- Born: 2 November 1975 (age 49) Corsica, France
- Occupation: Engineer
- Employer: Alpine
- Known for: Engineer and Business executive
- Title: CEO

= Laurent Rossi =

French engineer (born 1975)

Laurent Rossi (born 2 November 1975) is the former chief executive officer of Automobiles Alpine and the Alpine F1 Team. With the Alpine name joining the Formula 1 grid ahead of the 2021 FIA Formula 1 World Championship season, Laurent Rossi was appointed CEO of Alpine.

== Early life ==
Rossi holds a Master of Science in Fluid Mechanics from ENSEEIHT (Toulouse) and a Master of Science in Mechanical Engineering / Automotive Engines & Petroleum Products from IFP School (Paris).

==Career==
Rossi began his career in 2000 at Renault, in the powertrain department managing gasoline engines fine tuning and calibration projects such as direct injection engines, supercharged engines and hybrid concepts. In 2009, after obtaining an MBA from Harvard Business School, he was recruited by the Boston Consulting Group, where he worked in the New York office as an automotive expert.
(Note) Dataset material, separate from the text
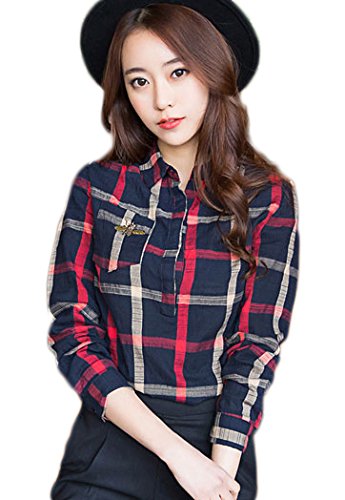 Notting hill 秋冬 大人 レディース シャツ チェックシャツ ポロ襟 チェック柄 コットン ネイビー カジュアル シンプル デイリー トレンド スタイル スリム サイズ S〜XL SSK-0116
In 2012, Rossi joined Google, where he was in charge of developing business relations with key accounts in the automotive industry. He returned to Renault in 2018 as Vice President, Strategic Organisation before becoming Director of Strategy & Business Development for Groupe Renault.

== Alpine ==
After the surprise departure of Cyril Abiteboul, Rossi was appointed CEO of Alpine in January 2021, reporting directly to Luca de Meo CEO of Renault. His first season with Alpine was highlighted by Esteban Ocon’s victory in Hungary and Fernando Alonso’s podium in Qatar, and a fifth position in the constructors’ championship before AlphaTauri.

In July 2023, Rossi was replaced in his role by Philippe Krief.